## Supplied records

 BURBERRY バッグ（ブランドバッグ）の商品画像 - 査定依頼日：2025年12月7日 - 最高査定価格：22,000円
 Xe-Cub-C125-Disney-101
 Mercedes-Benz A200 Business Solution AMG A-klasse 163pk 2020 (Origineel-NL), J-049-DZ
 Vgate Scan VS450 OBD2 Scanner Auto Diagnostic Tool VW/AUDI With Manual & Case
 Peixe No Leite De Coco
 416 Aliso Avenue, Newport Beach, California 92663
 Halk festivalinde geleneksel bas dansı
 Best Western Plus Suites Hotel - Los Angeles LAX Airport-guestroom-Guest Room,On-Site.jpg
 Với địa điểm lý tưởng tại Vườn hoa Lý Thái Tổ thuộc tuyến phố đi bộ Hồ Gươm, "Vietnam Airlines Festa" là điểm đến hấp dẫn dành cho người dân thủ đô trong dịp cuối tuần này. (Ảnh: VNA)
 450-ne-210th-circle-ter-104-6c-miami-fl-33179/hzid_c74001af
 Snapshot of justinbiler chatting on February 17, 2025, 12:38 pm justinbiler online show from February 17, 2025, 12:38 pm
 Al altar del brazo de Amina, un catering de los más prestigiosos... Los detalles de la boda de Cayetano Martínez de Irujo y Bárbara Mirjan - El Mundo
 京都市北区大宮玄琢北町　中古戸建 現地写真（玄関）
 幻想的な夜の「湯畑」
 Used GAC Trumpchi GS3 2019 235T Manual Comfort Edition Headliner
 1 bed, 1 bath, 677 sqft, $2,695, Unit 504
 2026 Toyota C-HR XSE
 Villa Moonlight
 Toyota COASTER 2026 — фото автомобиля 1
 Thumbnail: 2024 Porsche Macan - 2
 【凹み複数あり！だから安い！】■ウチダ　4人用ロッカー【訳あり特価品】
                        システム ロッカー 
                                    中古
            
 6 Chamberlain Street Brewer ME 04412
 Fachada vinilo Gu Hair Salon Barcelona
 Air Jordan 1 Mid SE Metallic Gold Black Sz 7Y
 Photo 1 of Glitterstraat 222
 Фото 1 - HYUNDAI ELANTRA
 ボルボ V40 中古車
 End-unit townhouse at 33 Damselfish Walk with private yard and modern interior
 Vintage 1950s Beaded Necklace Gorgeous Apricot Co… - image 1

## Required work
When the line with "Vgate Scan VS450" is reached in the data above, begin copying, and stop after the line with "Với địa điểm"; copy each line exactly, both ends included.

## Result for this exercise
 Vgate Scan VS450 OBD2 Scanner Auto Diagnostic Tool VW/AUDI With Manual & Case
 Peixe No Leite De Coco
 416 Aliso Avenue, Newport Beach, California 92663
 Halk festivalinde geleneksel bas dansı
 Best Western Plus Suites Hotel - Los Angeles LAX Airport-guestroom-Guest Room,On-Site.jpg
 Với địa điểm lý tưởng tại Vườn hoa Lý Thái Tổ thuộc tuyến phố đi bộ Hồ Gươm, "Vietnam Airlines Festa" là điểm đến hấp dẫn dành cho người dân thủ đô trong dịp cuối tuần này. (Ảnh: VNA)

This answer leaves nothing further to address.